« 小鍛冶邦隆の「Carte blanche」005|Lecture(読解)? Lecture à vue(視奏)? | トップページ | こころの中に“うた”をもつギター|波多野睦美+つのだたかし[2007/09/24|ハクジュホール] »

2007/09/23

資本主義をHuckすることについて──毛利嘉孝『ポピュラー音楽と資本主義』

 ずいぶんと長いことご無沙汰しました。その間にわがアルテスパブリッシングはウェブサイトがオープン! 連動してブログも始めたため、ついついこちらがお留守になっておりました。ぺこぺこ。
 というわけで、アルテスのウェブサイトはこちらです。

 www.artespublishing.com

 9/29店頭発売予定の第1弾、内田樹さんの『村上春樹にご用心』は現在、注文殺到中!(いや、おおげさでなく) 乞う、ご期待。

 + + + + + + + + + +

 さて、前置き(というか言い訳?)はそれくらいにして、本題に。

 昨日(9/22土)、ジュンク堂池袋店のジュンク堂カフェにておこなわれた毛利嘉孝さんと清野栄一さんのトークショーを聴いてきました。毛利さんの『ポピュラー音楽と資本主義』(せりか書房)発刊記念のイベント。

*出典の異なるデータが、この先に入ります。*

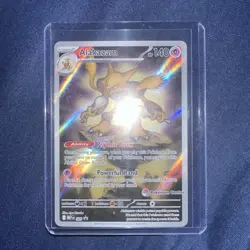 FAST FREE SHIPPING Pokemon TCG Alakazam Pokemon Center Stamped Promo Card 009 NM - Image 3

 毛利嘉孝さんは東京藝術大学音楽学部の准教授ですが、専門は社会学で、とくにカルチュラル・スタディーズの分野の第一人者として知られるひと。当blogでもずいぶん前に、毛利さんの『文化=政治──グローバリゼーション時代の空間叛乱』(月曜社)について書いたことがあります(記事はこちら)。清野栄一さんは存じあげませんでしたが、作家にしてDJのかた。

 『ポピュラー音楽と資本主義』は、1970〜80年代の洋楽を中心にとりあげながら、しかし芸大の講義用に──つまり1990年代以降に生まれた学生さんたちにもわかるように──書かれた書。ということもあってか、このトークショーでは、DJとしてさまざまなパーティを主催する清野さんによる「現場からの視点」をまじえながら、たぶんこの本にはとりあげられなかったようなつっこんだ議論もふくめて、かなり自由な対話が展開されました。

 + + + + + + + + + +

 毛利さんの一貫した姿勢は、ポピュラー音楽(文化)というものが、個人の自己表現として「自由」というものを標榜しながらも、その発生から抜きがたく「資本主義」的な性格をもつことを明らかにし、そのことに自覚的になることの大切さをうったえる点にあります。それだけであれば、よくある「イデオロギー暴露」的な議論ということになると思いますが、ぼくがもっとも評価したい点は、やむをえず資本主義の圏内に生きながら、ぼくたちがどうしたら無意識的に資本主義的志向を肯定し、増進する傾向から抜け出すことができるか、ということを実践的に考えるところです。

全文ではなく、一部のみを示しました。